*** Opening Extracted information ***
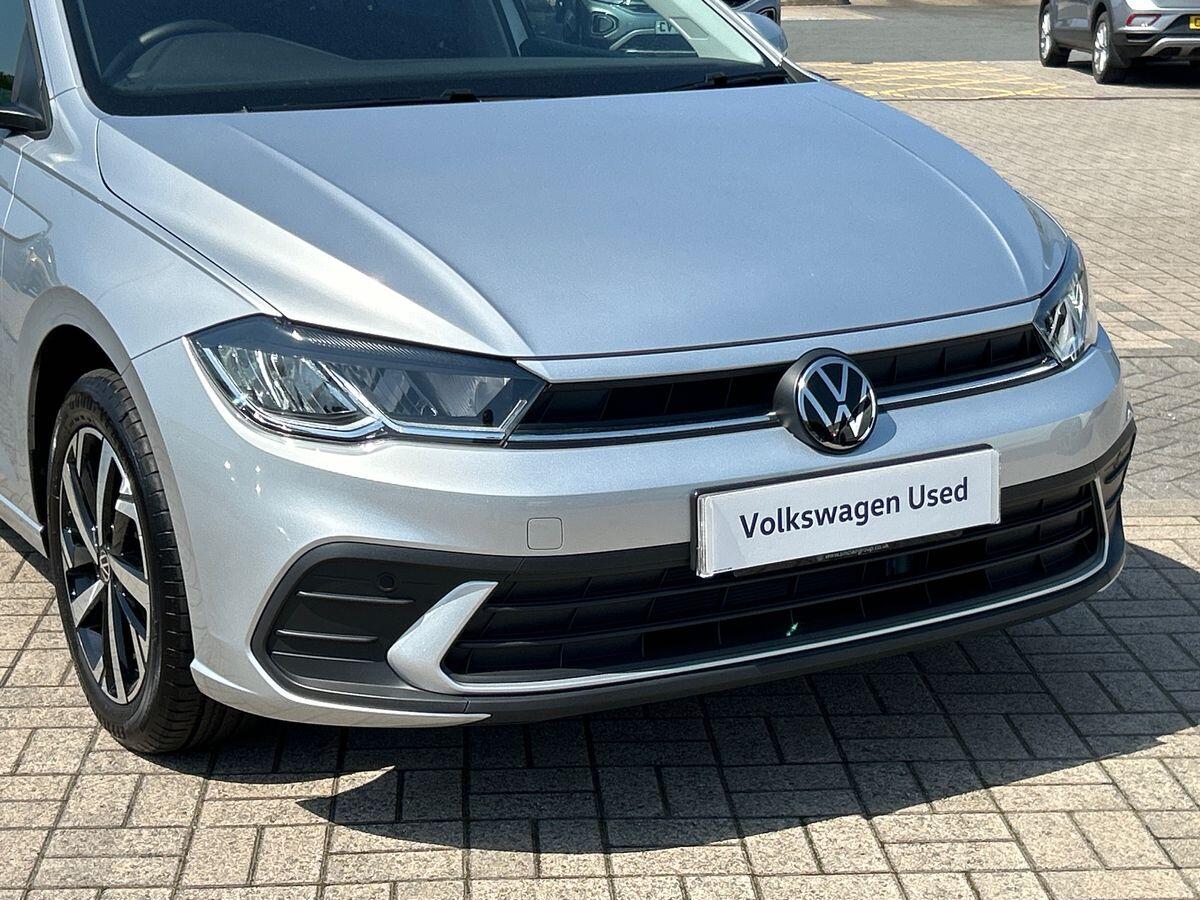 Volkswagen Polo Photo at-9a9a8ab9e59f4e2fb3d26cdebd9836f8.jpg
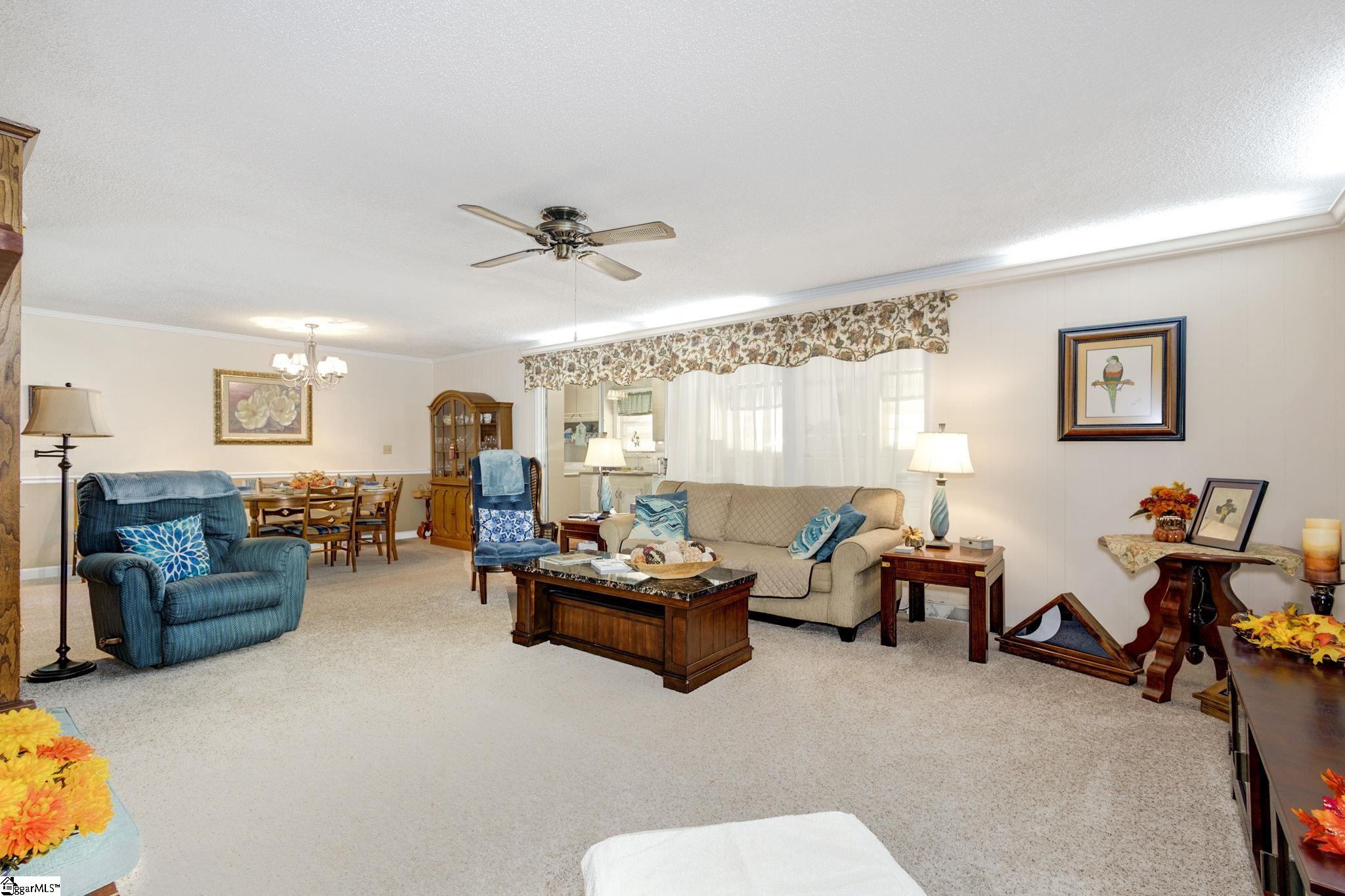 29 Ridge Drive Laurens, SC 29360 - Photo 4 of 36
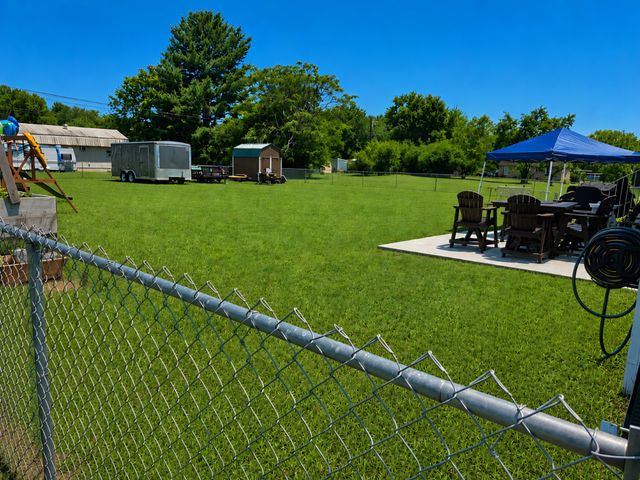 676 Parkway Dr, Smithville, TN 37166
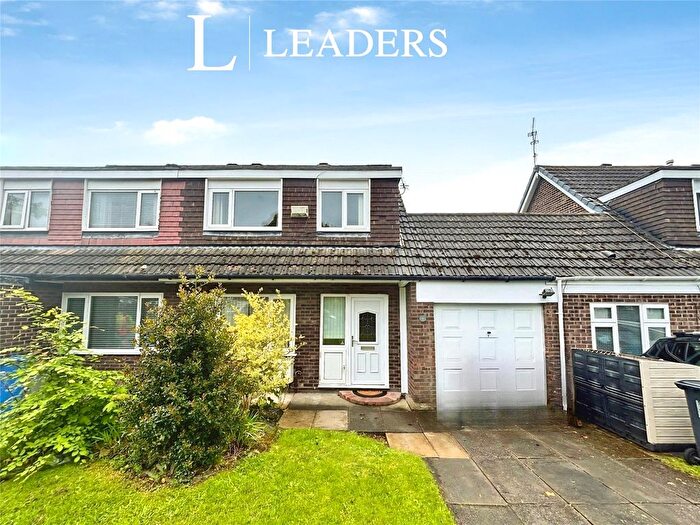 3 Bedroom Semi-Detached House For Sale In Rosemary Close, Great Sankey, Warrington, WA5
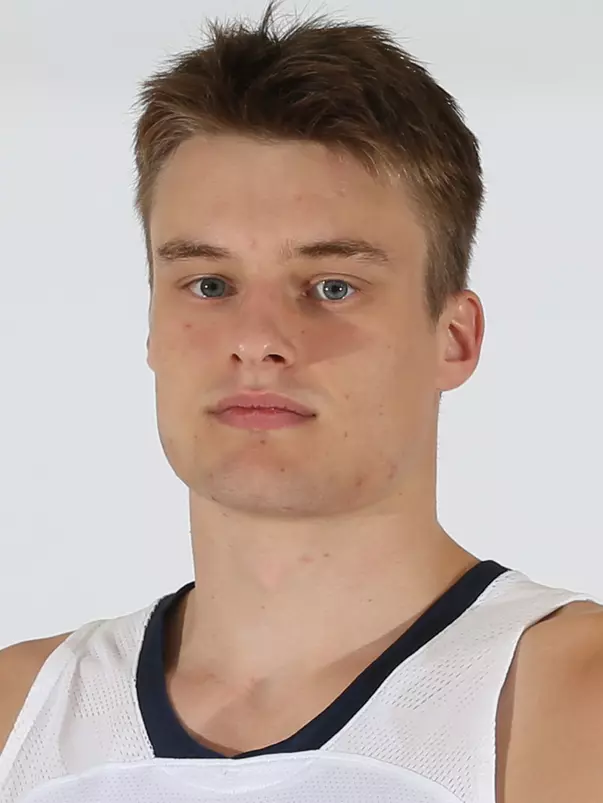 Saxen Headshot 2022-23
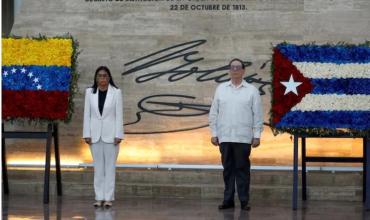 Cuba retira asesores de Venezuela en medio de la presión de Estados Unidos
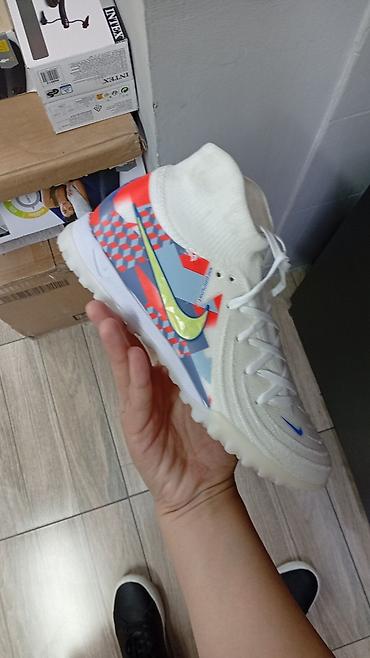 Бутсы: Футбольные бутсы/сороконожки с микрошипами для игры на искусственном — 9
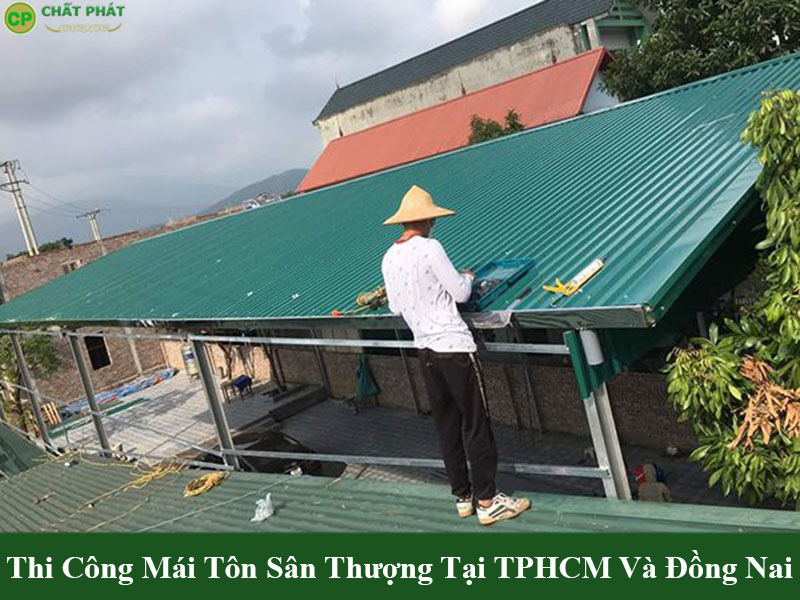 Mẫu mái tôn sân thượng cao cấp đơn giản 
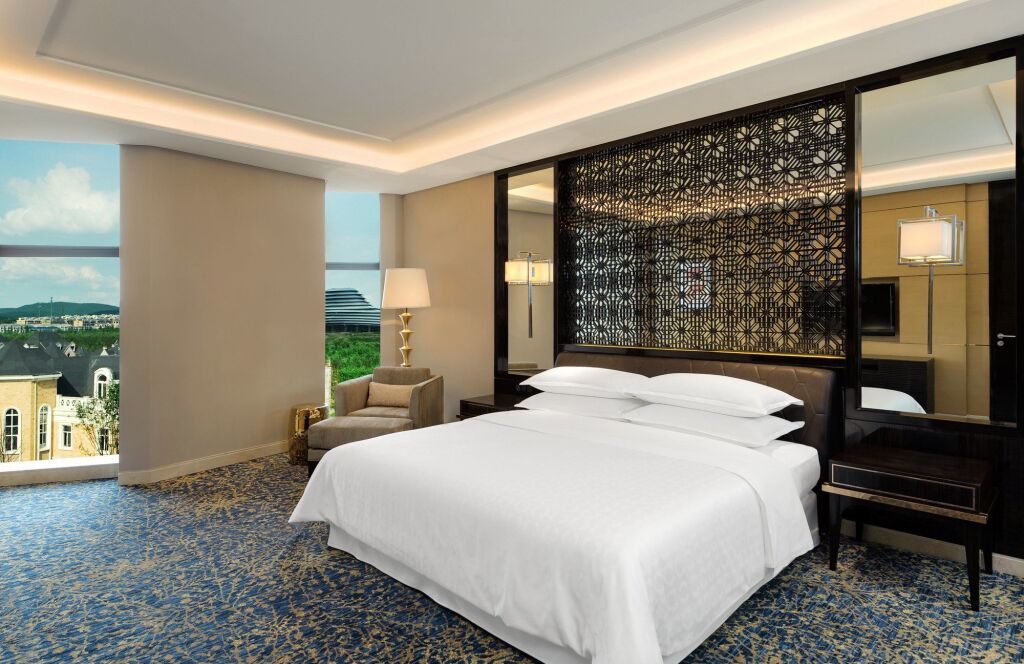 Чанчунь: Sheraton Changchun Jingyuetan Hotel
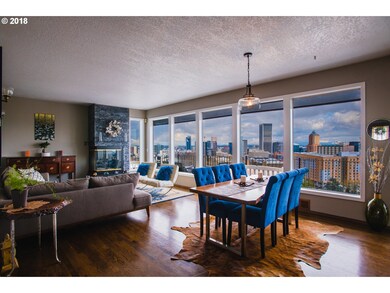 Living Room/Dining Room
*** Closing Extracted information ***
Would you set down the material exactly as it stands, without the pictures?

> [Solution below]
 Volkswagen Polo Photo at-9a9a8ab9e59f4e2fb3d26cdebd9836f8.jpg
 29 Ridge Drive Laurens, SC 29360 - Photo 4 of 36
 676 Parkway Dr, Smithville, TN 37166
 3 Bedroom Semi-Detached House For Sale In Rosemary Close, Great Sankey, Warrington, WA5
 Saxen Headshot 2022-23
 Cuba retira asesores de Venezuela en medio de la presión de Estados Unidos
 Бутсы: Футбольные бутсы/сороконожки с микрошипами для игры на искусственном — 9
 Mẫu mái tôn sân thượng cao cấp đơn giản 
 Чанчунь: Sheraton Changchun Jingyuetan Hotel
 Living Room/Dining Room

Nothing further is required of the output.